Les sanctions relatives au travail illégal et aux infractions connexes

Sont interdits par la loi :

  • Le travail dissimulé : absence de déclarations obligatoires, de remises de bulletin de paie, dissimulation d'heures de travail... ;
  • Le prêt lucratif et la fourniture lucrative de main-d'œuvre en dehors du cadre légal qui les délimite strictement ;
  • Le marchandage ;
  • La fraude aux revenus de remplacement ;
  • Le cumul irrégulier d'emplois ;
  • L'emploi irrégulier de travailleurs étrangers et le trafic de main-d'œuvre étrangère.

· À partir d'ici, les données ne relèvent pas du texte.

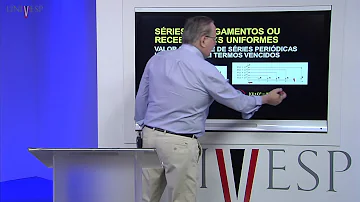 Em que consistem as informações de natureza patrimonial?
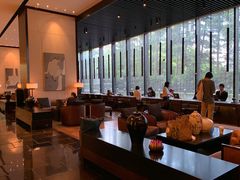 -上海璞麗酒店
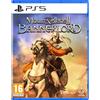 Deep Silver Mount & Blade II Bannerlord PS5
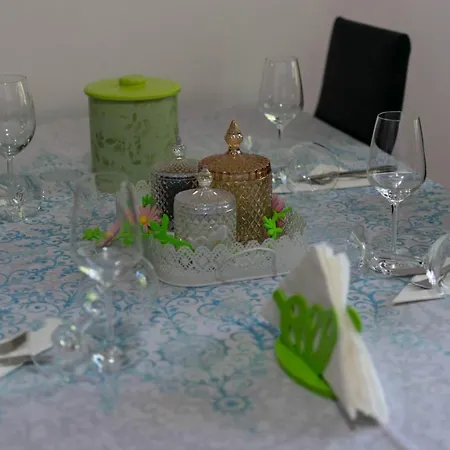 アパート Apartment Piran *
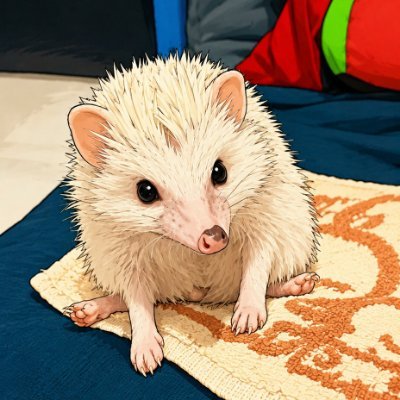 alpha_k_k's profile picture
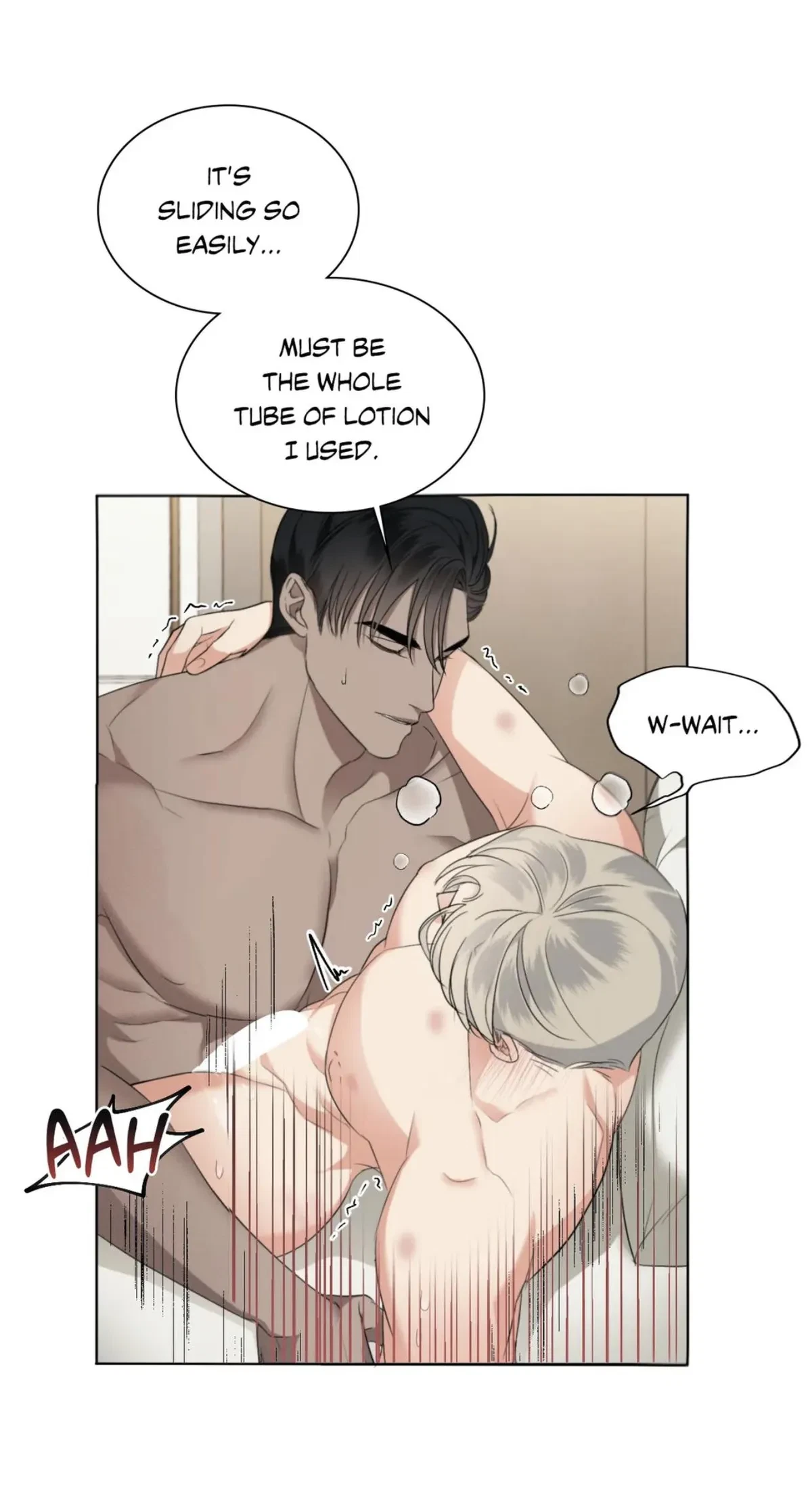 Chapter 7, page 6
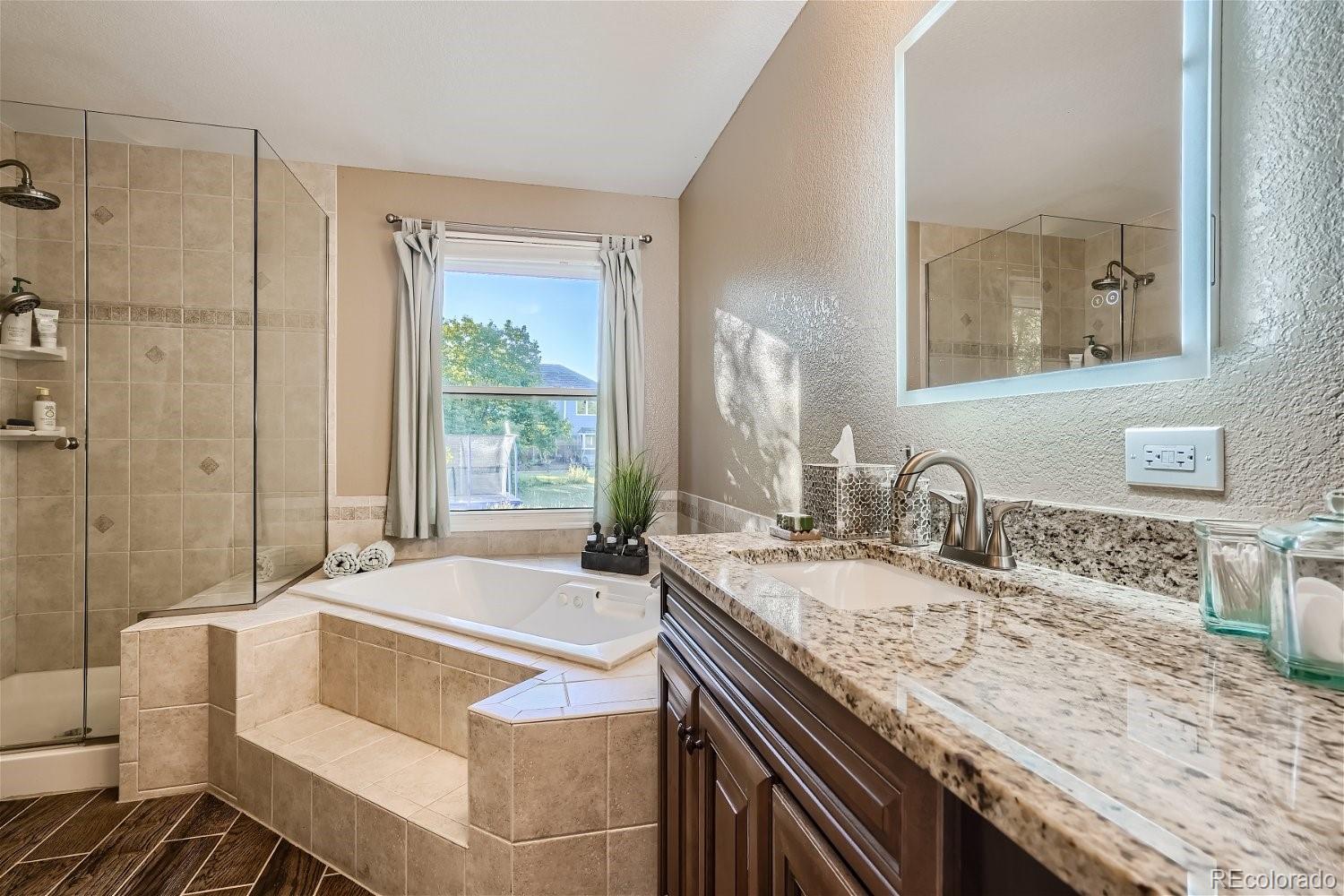 MLS Image #21 for 6957  peppertree drive,niwot, Colorado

Il s'agit de situations délictuelles passibles de lourdes sanctions : sanctions pénales, exclusion des aides publiques...

À savoir !

Même non déclaré ou en situation illicite d'emploi lorsqu'il est étranger, le salarié possède des droits dont il peut réclamer l'application en s'adressant, selon le cas, à l'inspection du travail, au conseil des prud'hommes ou - en ce qui concerne sa situation au regard de la sécurité sociale - à la caisse primaire d'assurance maladie ou à l'URSSAF ou à la MSA.

À savoir !

Afin de renforcer la lutte contre le travail dissimulé dans le cadre du recours à la sous-traitance, un nouvel article L. 8222-1-1 du Code du travail (dont l’entrée en vigueur, fixée ultérieurement par décret, interviendra au plus tard à la fin du mois de décembre 2026), prévoit l’extension des obligations du donneur d’ordre au maître de l’ouvrage, au titre des vérifications du bon accomplissement, par le sous-traitant, des formalités déclaratives obligatoires et du caractère authentique des documents remis.